##### PROVIDED MATERIAL #####

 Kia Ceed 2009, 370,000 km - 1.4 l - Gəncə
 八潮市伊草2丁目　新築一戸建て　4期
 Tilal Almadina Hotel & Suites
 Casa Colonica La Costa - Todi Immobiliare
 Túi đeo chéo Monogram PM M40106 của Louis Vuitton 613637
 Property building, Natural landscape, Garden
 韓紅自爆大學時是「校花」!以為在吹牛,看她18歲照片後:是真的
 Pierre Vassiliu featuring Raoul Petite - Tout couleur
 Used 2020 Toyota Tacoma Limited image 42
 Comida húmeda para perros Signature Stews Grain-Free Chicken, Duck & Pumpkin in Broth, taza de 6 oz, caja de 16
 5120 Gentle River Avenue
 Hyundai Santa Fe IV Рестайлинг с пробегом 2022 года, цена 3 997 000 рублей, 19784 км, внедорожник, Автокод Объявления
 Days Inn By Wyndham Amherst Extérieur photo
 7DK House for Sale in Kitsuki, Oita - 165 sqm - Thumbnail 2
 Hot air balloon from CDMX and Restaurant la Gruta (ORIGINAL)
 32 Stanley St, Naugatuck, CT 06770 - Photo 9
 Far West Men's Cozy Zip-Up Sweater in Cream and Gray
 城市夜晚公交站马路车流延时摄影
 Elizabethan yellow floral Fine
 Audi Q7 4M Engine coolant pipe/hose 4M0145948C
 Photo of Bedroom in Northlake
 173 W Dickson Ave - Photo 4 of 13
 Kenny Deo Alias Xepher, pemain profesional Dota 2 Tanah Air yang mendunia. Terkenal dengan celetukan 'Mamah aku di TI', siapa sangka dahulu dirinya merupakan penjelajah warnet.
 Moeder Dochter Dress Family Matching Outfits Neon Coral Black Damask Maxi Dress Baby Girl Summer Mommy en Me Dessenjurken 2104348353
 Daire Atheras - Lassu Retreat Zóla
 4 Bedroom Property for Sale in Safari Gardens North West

#####

## WHAT YOU ARE ASKED TO DO
Everything from the line containing "Audi Q7 4M Engine" to the last line of the material above must be copied exactly, and only that.

## TASK RESPONSE
 Audi Q7 4M Engine coolant pipe/hose 4M0145948C
 Photo of Bedroom in Northlake
 173 W Dickson Ave - Photo 4 of 13
 Kenny Deo Alias Xepher, pemain profesional Dota 2 Tanah Air yang mendunia. Terkenal dengan celetukan 'Mamah aku di TI', siapa sangka dahulu dirinya merupakan penjelajah warnet.
 Moeder Dochter Dress Family Matching Outfits Neon Coral Black Damask Maxi Dress Baby Girl Summer Mommy en Me Dessenjurken 2104348353
 Daire Atheras - Lassu Retreat Zóla
 4 Bedroom Property for Sale in Safari Gardens North West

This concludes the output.